### Instructions to follow
Extract precisely the lines of the entries below, from the first line through the line containing "Jordan Jumpman Classic".

Web page caption snippets:
------------------------------------------------------------

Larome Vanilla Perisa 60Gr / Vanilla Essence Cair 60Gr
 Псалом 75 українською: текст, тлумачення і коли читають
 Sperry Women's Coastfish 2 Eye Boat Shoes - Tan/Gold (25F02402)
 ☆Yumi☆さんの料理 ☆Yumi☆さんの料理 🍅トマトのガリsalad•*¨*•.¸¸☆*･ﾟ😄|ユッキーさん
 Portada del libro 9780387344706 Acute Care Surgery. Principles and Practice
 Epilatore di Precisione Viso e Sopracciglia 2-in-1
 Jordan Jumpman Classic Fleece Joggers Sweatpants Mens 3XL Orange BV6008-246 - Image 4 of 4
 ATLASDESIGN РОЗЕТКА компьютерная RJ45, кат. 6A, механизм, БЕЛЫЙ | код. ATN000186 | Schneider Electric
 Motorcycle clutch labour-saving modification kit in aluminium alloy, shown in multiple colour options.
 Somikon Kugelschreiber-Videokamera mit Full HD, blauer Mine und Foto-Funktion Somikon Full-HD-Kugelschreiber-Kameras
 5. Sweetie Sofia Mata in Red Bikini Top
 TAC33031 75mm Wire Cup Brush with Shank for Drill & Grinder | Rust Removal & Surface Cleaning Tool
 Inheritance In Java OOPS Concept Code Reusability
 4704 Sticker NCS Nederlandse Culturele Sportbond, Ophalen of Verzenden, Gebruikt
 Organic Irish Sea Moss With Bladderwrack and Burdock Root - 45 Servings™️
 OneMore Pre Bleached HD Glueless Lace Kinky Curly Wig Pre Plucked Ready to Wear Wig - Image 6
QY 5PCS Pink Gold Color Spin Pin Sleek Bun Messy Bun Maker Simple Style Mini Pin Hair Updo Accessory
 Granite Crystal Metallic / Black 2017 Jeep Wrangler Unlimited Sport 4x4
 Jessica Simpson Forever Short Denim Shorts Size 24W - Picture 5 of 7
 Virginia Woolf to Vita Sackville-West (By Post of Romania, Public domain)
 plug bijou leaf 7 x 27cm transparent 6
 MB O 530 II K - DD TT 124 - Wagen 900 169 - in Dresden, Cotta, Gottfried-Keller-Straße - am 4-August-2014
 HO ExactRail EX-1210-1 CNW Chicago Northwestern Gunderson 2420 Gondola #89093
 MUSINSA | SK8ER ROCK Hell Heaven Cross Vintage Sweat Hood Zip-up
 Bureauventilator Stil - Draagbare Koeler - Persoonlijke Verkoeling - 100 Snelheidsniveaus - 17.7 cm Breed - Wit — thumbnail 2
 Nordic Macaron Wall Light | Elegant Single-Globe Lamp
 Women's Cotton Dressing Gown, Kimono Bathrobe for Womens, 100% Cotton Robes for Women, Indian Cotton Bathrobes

------------------------------------------------------------

### Answer below
Larome Vanilla Perisa 60Gr / Vanilla Essence Cair 60Gr
 Псалом 75 українською: текст, тлумачення і коли читають
 Sperry Women's Coastfish 2 Eye Boat Shoes - Tan/Gold (25F02402)
 ☆Yumi☆さんの料理 ☆Yumi☆さんの料理 🍅トマトのガリsalad•*¨*•.¸¸☆*･ﾟ😄|ユッキーさん
 Portada del libro 9780387344706 Acute Care Surgery. Principles and Practice
 Epilatore di Precisione Viso e Sopracciglia 2-in-1
 Jordan Jumpman Classic Fleece Joggers Sweatpants Mens 3XL Orange BV6008-246 - Image 4 of 4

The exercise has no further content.